(SUPPLIED ENTRIES begins)

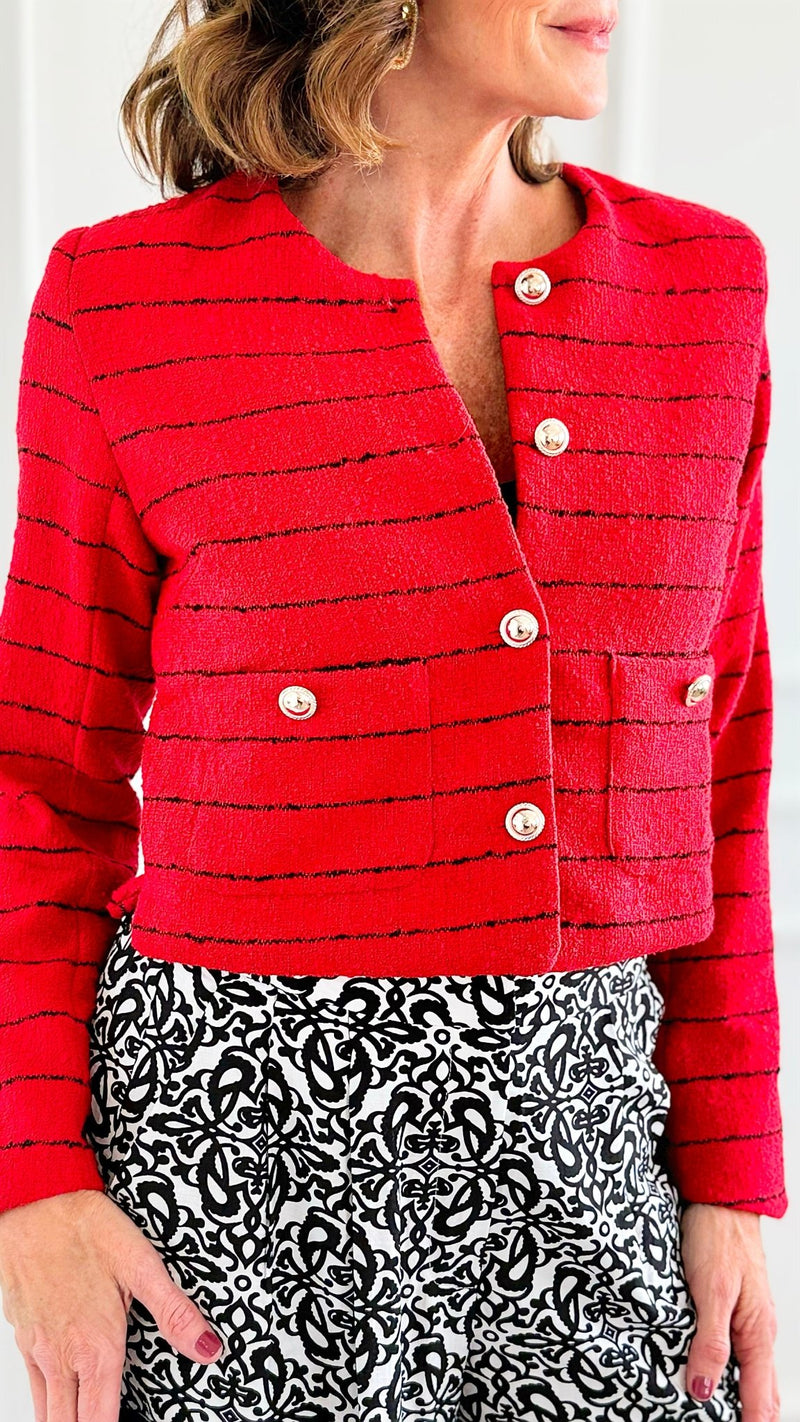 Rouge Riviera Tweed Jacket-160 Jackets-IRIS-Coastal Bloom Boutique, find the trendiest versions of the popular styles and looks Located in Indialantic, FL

(SUPPLIED ENTRIES ends)
(SUPPLIED ENTRIES begins)

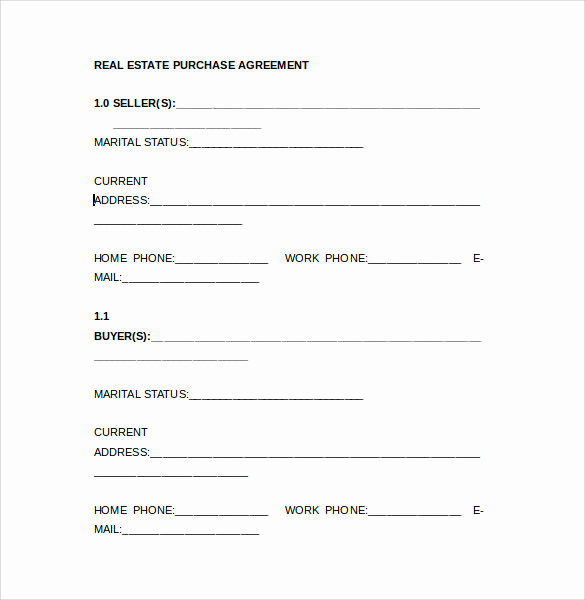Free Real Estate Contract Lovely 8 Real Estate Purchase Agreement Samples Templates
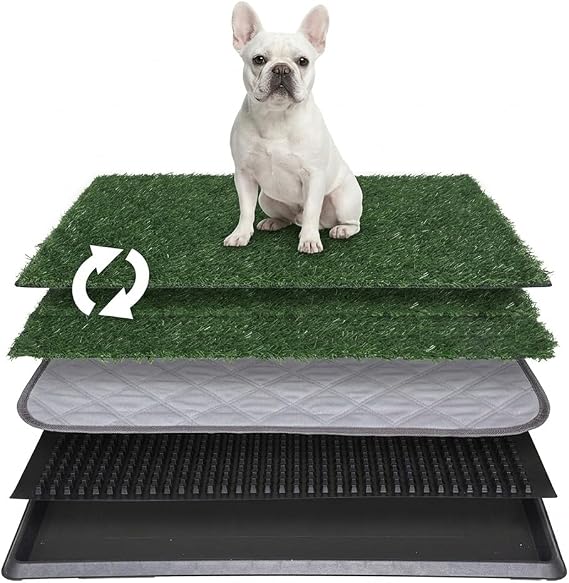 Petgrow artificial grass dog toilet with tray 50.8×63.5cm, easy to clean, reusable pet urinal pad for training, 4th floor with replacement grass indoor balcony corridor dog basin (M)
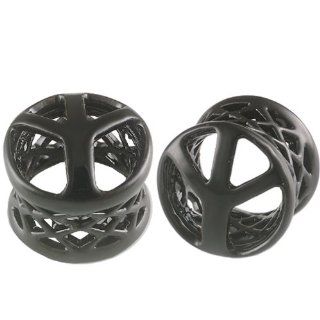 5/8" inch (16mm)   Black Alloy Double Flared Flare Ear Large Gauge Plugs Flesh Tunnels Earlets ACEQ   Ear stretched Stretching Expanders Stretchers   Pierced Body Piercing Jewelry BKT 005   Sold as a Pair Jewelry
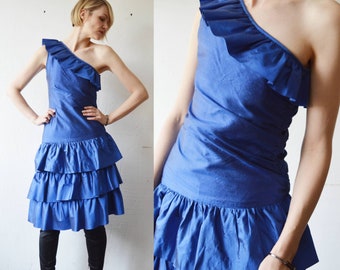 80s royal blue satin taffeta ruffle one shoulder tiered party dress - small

(SUPPLIED ENTRIES ends)

EXERCISE DESCRIPTION → Return the material from the line containing "Free Real Estate" through the line containing "80s royal blue", exactly and in full, but without its pictures.

EXERCISE RESPONSE →
Free Real Estate Contract Lovely 8 Real Estate Purchase Agreement Samples Templates
 Petgrow artificial grass dog toilet with tray 50.8×63.5cm, easy to clean, reusable pet urinal pad for training, 4th floor with replacement grass indoor balcony corridor dog basin (M)
 5/8" inch (16mm)   Black Alloy Double Flared Flare Ear Large Gauge Plugs Flesh Tunnels Earlets ACEQ   Ear stretched Stretching Expanders Stretchers   Pierced Body Piercing Jewelry BKT 005   Sold as a Pair Jewelry
 80s royal blue satin taffeta ruffle one shoulder tiered party dress - small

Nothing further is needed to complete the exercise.